The vote to end nonunanimous jury verdicts in felony cases in Louisiana will scrap a system that researchers say was created to boost white supremacy by ensuring convictions of black defendants.

It was created in 1898, when the drafters of Louisiana's Constitution found a back-door method to put more black people in prison — and keep them out of the voting booth, researchers say.

The law allowed nine jurors to vote for conviction, instead of all 12. The law was changed in 1973 to increase the number of votes to 10.

New Orleans resident Molly Ezell holds a sign on Oct. 29 in New Orleans promoting a Louisiana constitutional amendment that would require unanimous 12-member jury verdicts in serious felony cases.
New Orleans resident Molly Ezell holds a sign on Oct. 29 in New Orleans promoting a Louisiana constitutional amendment that would require unanimous 12-member jury verdicts in serious felony cases.Kevin McGill / AP

Either way, it has been used to disproportionately target black people: An analysis this year by The Advocate newspaper found a wide disparity between the conviction rates of black defendants and of white defendants by nonunanimous juries.
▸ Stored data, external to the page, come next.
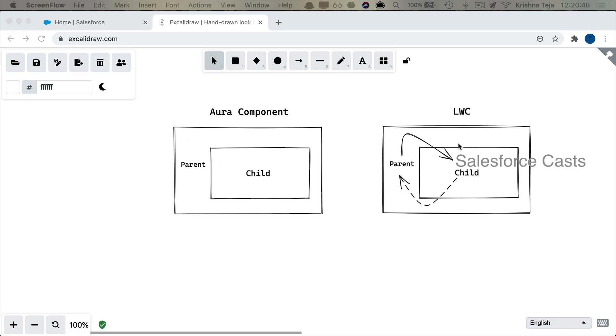Whereas with LWC that is not the case. If child component has to receive some data, then it should have a property and that property should be using @api decorator. When we have @api decorator, it's only then data can be pushed from the parent component to the child component.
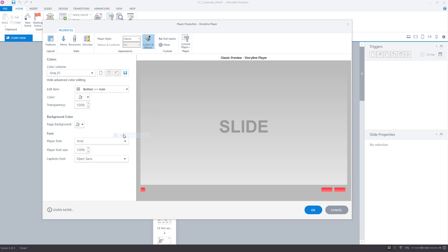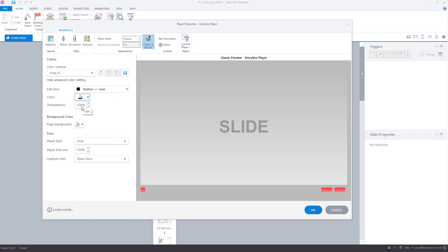For the icon and text, make sure that the transparency is set to 0% or they won't be visible.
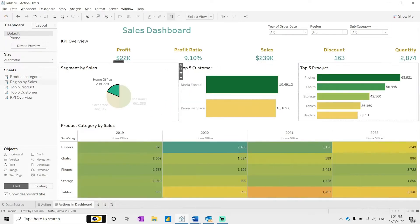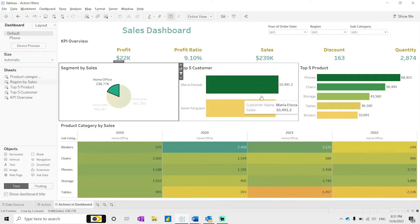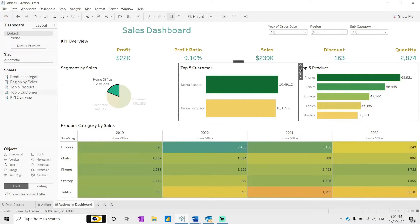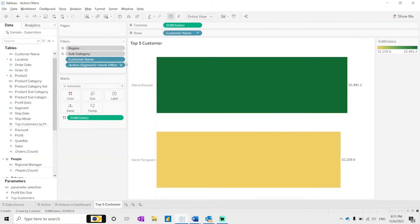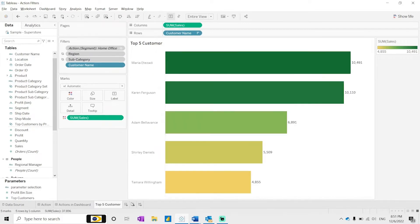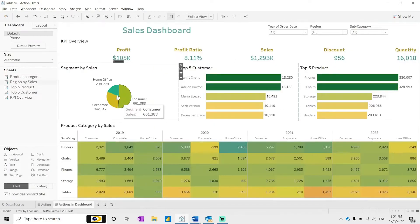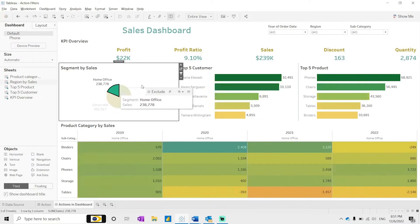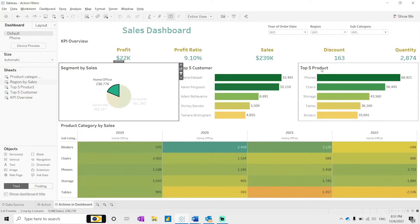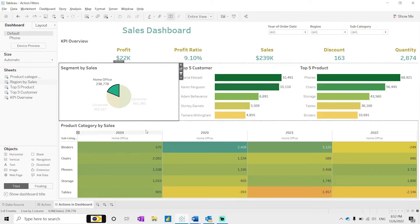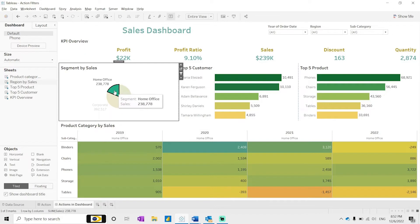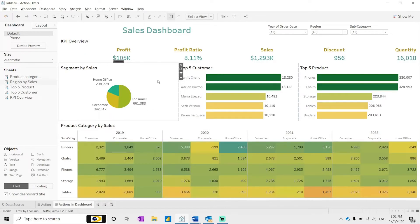Now we can see everything is getting changed — the KPIs are changing, the products are changing, the customers are changing. Based on the selections, our top five customers and top five products are changing, and the segment-wise year distribution is also updating. But let's say we only want to filter the top five customers and top five products and not the entire dashboard.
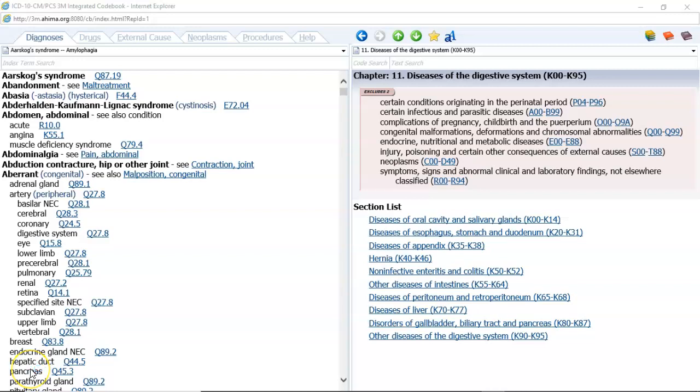Hello, everyone. Welcome to HIM 225. In this lecture, we're going to begin covering Chapter 18 in your textbook, Diseases of the Digestive System. In ICD-10, it is Chapter 11.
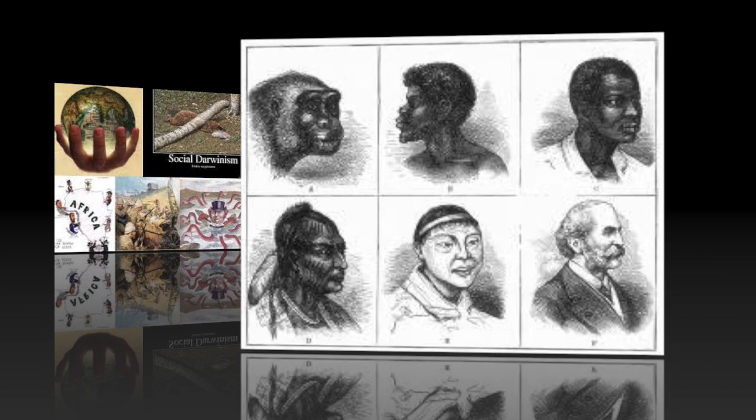Many Europeans believed that they were better than other peoples. This belief that one race is superior to another — known more simply as racism — was a reflection of Social Darwinism, a social theory of the time. In this theory, Charles Darwin's ideas about evolution and natural selection were applied to human society.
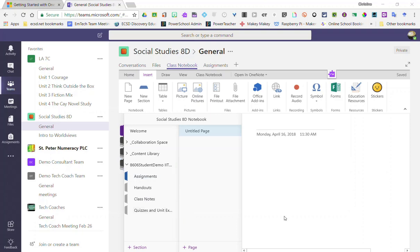Though I the teacher am able to see all of my students and inside of all of my students class notebooks, the students in their view can only see their individualized notebook and only have access to their individualized notebook.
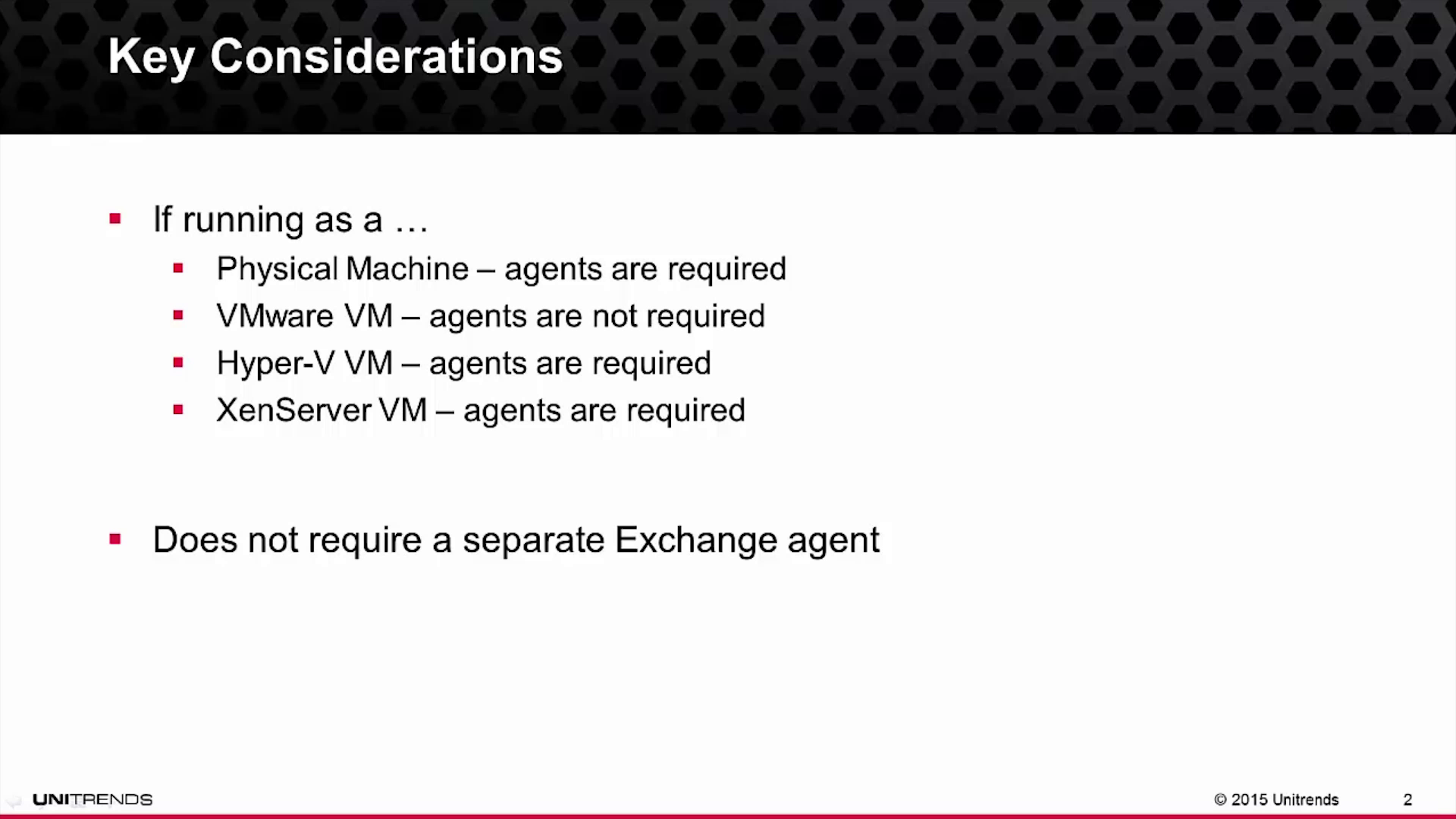For specifics on VMware, please reference the VMware backup video. And then lastly, to protect Exchange with Unitrends, it does not require a separate Exchange agent. Once you deploy the Windows agent into those machines, it provides the capability to also protect Exchange.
"It has clearly had a racially adverse impact on black defendants," said Lawrence Powell, a Tulane University historian.

It is also seen by critics as a blatant violation of the right to fair and impartial trials.

John Kay Jr., Louisiana state director of Americans for Prosperity, a conservative political advocacy organization backed by the billionaire Koch brothers, said he didn't realize that Louisiana allowed split verdicts until he learned of the campaign to prevent them. He joined the effort.
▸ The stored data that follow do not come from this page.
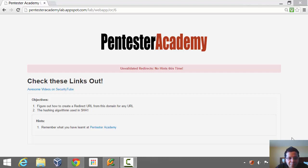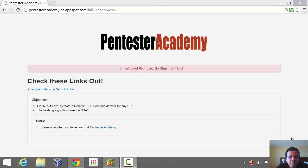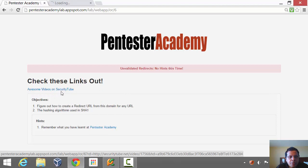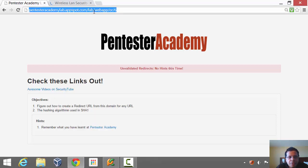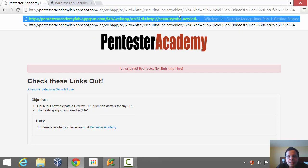Hello all. Welcome to the web application challenges section at Pentester Academy. In this video I am introducing yet another unvalidated redirect challenge. This time there will be no additional hints. This challenge, like the previous one, requires you to figure out how to generate an arbitrary redirect to a third party domain.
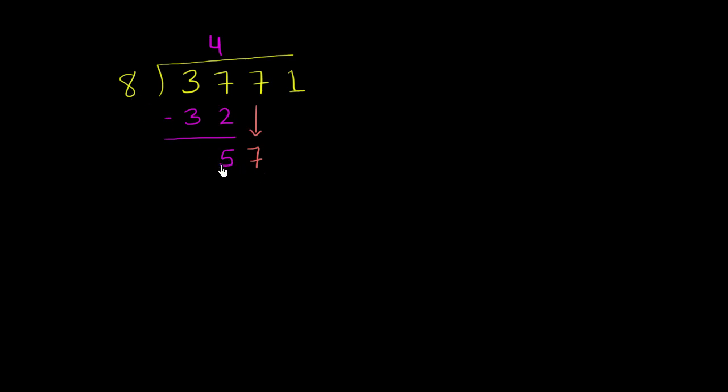But 8 goes into 57... Let's see. 8 times 5 is 40, 8 times 6 is 48, 8 times 7 is 54. So let's go 7 times.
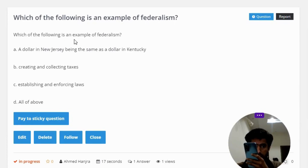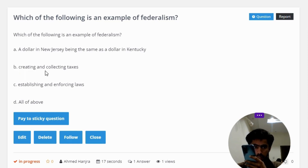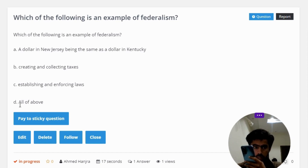Which of the following is an example of federalism? Option A: a dollar in New Jersey being the same as a dollar in Kentucky. Option B: creating and collecting taxes. Option C: establishing or enforcing laws. Option D: all of the above.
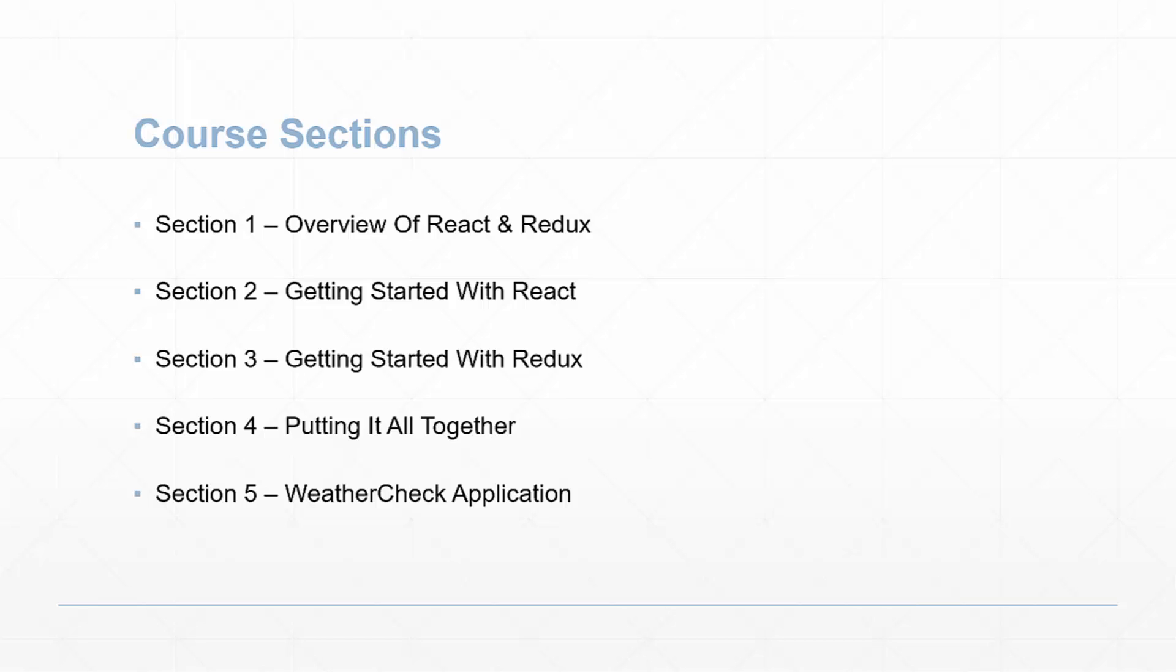Section four will be all about putting React and Redux together. Then in section five, we'll take everything we've learned and create an application that will fetch the weather from a certain API for specific locations.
"I don’t think a lot of people even in political circles knew this was on the books in Louisiana," Kay said. "It was one of those things we took for granted."

With Tuesday's vote, Oregon remains the only state that allows split verdicts. Oregon's law was enacted in the 1930s as a response to fears of immigrants and Jews, researchers say. There is a pending legal challenge to the law, and lawmakers have said they’ll bring it up in next year’s legislative session.

Kay and others see Tuesday's vote as part of Louisiana's attempt to drop its reliance on mass incarceration. It has enacted reforms that have shrunk the prison population and narrowly approved a bill to restore voting rights to people on parole or probation. The state no longer has the country's highest incarceration rate.

"This is a defining moment for us about who we are as a people in the state of Louisiana," Allen-Bell said.